President Susilo Bambang Yudhoyono is known for his impassioned speeches in support of the environment at international forums. Indonesia’s President has also made some heady promises, including a pledge last year to cut his country’s carbon emissions by up to 40 per cent by 2020. His record at home, however, has been patchy, with conservationists questioning the extent to which he regards environmental issues as a priority.
Last month, Dr Yudhoyono sought to put all this behind him. On May 26, he signed an agreement in Oslo with the Norwegian government that required Indonesia to stop converting primary forests and peatlands into oil palm plantations for two years. In return, Norway undertook to provide the country with US$1 billion (S$1.4 billion) in compensation.

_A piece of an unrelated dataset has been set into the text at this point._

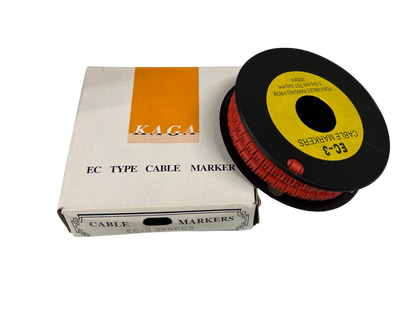 Grippes Cable Marker Red - U on a spool next to its box, perfect for organizing cables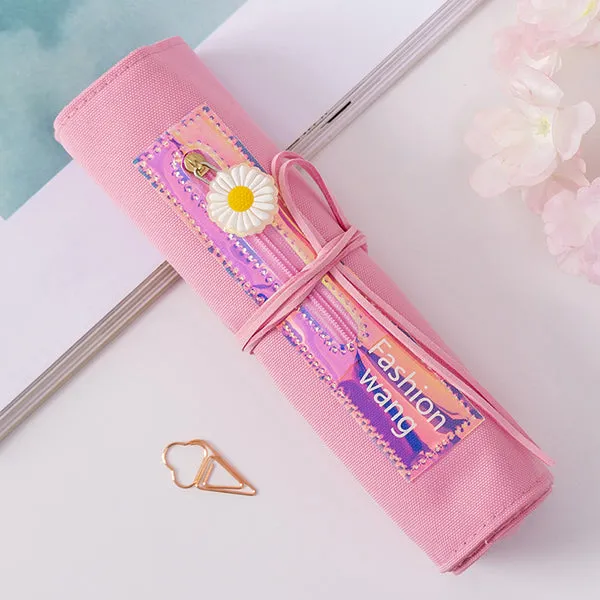 Sakura Holographic Canvas Roll Up Pencil Case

Deforestation and peatland conversion is widely acknowledged to be a major cause of greenhouse gas emissions. But not everyone is impressed with the agreement, which is being implemented as a result of a deal reached at the Copenhagen climate talks in December last year.
The Indonesian Environmental Forum, for example, wants the pact to include logging.
Critics are also wary of loopholes. A presidential decree in March allowing mining, power plant, transport and renewable energy projects (especially geothermal ones) in protected forests has already sparked controversy. Mining activities in Kalimantan were in the spotlight earlier this year, following reports that almost 200 mining concessionaires were operating in conservation areas and causing massive environmental destruction.
Meanwhile, an ambitious plan to turn 1.6 million hectares of fertile land in the eastern-most region of Papua into an enormous food estate has raised concerns about forest destruction and the marginalisation of small farmers. Coordinating Minister for the Economy Hatta Radjasa insists the project will not damage the environment. Only scrubland, he says, will be converted. Environmentalists, however, remain unconvinced.
The battle between environmental concerns and the demands of developers is obvious. About 36 local and foreign companies have expressed interest in the US$6 billion project, which is expected to produce 1 million tonnes of rice and 800,000 to 1.2 million tonnes of sugar annually.
But it is not simply the limited scope of the moratorium that has been challenged. The economics of the idea has also come under fire. Greenomics, a local environmentalist study group, says the proposed two-year moratorium could prevent the conversion of some 1.97 million hectares of natural forest and peatland but it warned that the compensation offered by Norway was too small. Greenomics executive director Elfian Effendi says studies by his organisation suggest that Indonesia would need at least US$7.5 billion in financial compensation to stop the conversion of just 1.48 million hectares of natural forest and peatland.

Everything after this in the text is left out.